Abstract
This paper discusses about the adoption of International Financial Reporting Standards (IFRS) by the Nigerian financial institutions. Nigeria have been using domestic accounting standard (NGAAP) for banks and non-banks financial institutions known as Statement of Accounting Standards (SAS 10 Part 1 and SAS 15 Part 2) issued in 1990 and 1997 respectively for financial reporting. These domestic standards were adopted from International Accounting Standards (IAS 30) but have not been updated like IAS 30 as reported by the Report on Observance of Standard Codes (ROSC) of Nigeria in 2004 and 2011. The change in accounting regulations is as a result of the weaknesses of NGAAP and low disclosure requirements. IFRS reporting has more disclosures than NGAAP especially for financial institutions.
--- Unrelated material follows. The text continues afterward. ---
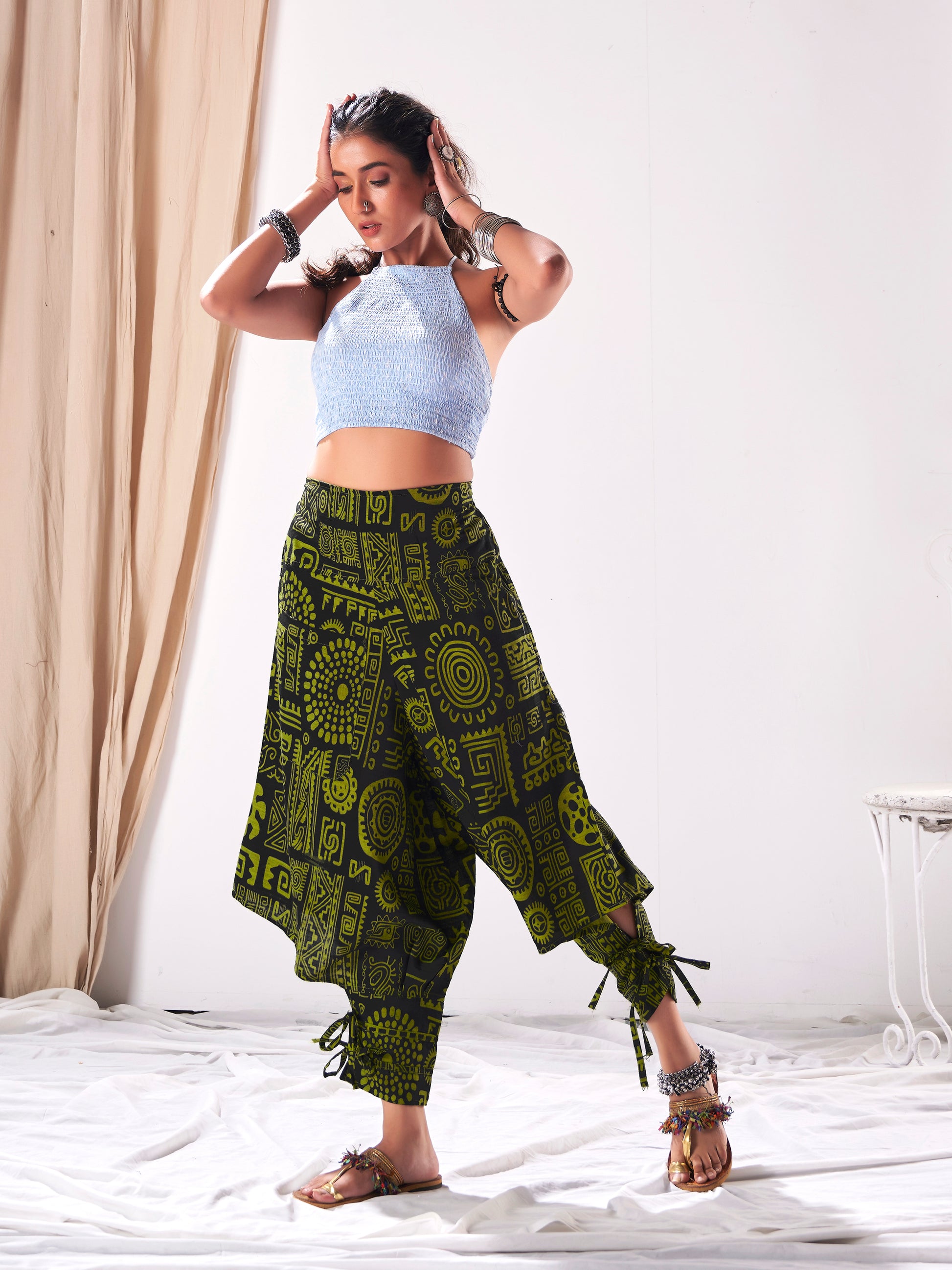 Buy Women's Arabic Neon Green Boho Baggy Harem Track Pant Unisex Yoga Dance Freesize Track Pant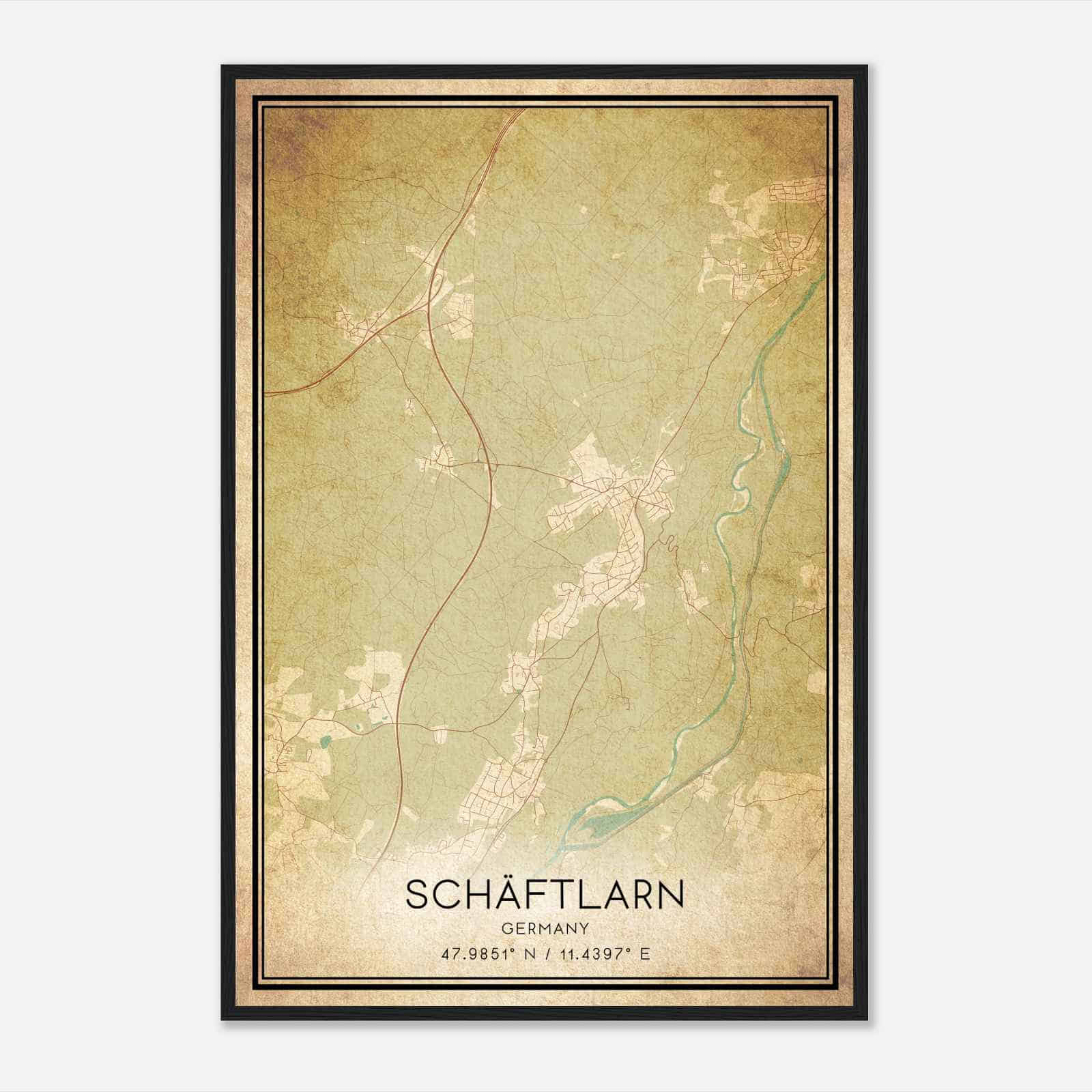 Vintage Schaftlarn Germany Map Poster, Schaftlarn City Road Wall Art Print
Under NGAAP financial instruments have not been classified as in IFRS. For instance, financial instruments have been classified into four under IAS 39 as; (i) recognised fair value on gain or loss in profit or loss, (ii) are measured at amortised cost for investments held-to-maturity, (iii) measured at amortised cost for loans and receivables, (iv) measured at fair value gain or loss for available-for-sale financial assets recognised in other comprehensive income. Additionally, financial liabilities have been categories into two namely; (i) measured at amortised fair value on financial liabilities through profit or loss and, (ii) measured at amortised other liabilities. Now with the mandatory adoptions of reporting under IFRS by all listed financial institutions, will the accounting disclosures be more value relevant among Nigerian financial institutions? DOI: 10.5901/mjss.2015.v6n1p409
Highlights
This study looked at the NGGAP and International Financial Reporting Standards (IFRS) adoption on the value relevance of accounting information and the differences between the two regimes
The study examined financial institutions because they are mostly affected by changes and having more disclosures under IFRS
This article pursues to improve the literature as it examined the disclosure requirements under NGAAP and IFRS
Summary
Demand for relevant accounting disclosures by users is increasing due to the growing complexity of business environments worldwide. The accounting practice in the country is found to have suffered institutional weakness and non-compliance in regulations, rules and standards enforcement in financial institutions The avoidance of these full disclosures has been attributed to the drastic fall of the Nigerian stock market which caused crisis in the financial sector as reported by the ROSC in 2011. Markets have improved on the value relevance of accounting disclosures after adoption of IFRS (Kargin, 2013; Konstantious & Athanasios, 2011; Alali & Foote, 2012). The objective of this study is to determine the disclosures under NGAAP and IFRS after the adoption of new accounting reporting. This study will examine the major improvement on disclosures from the new accounting regulations (IFRS) in comparison to NGAAP reporting among Nigerian financial institutions.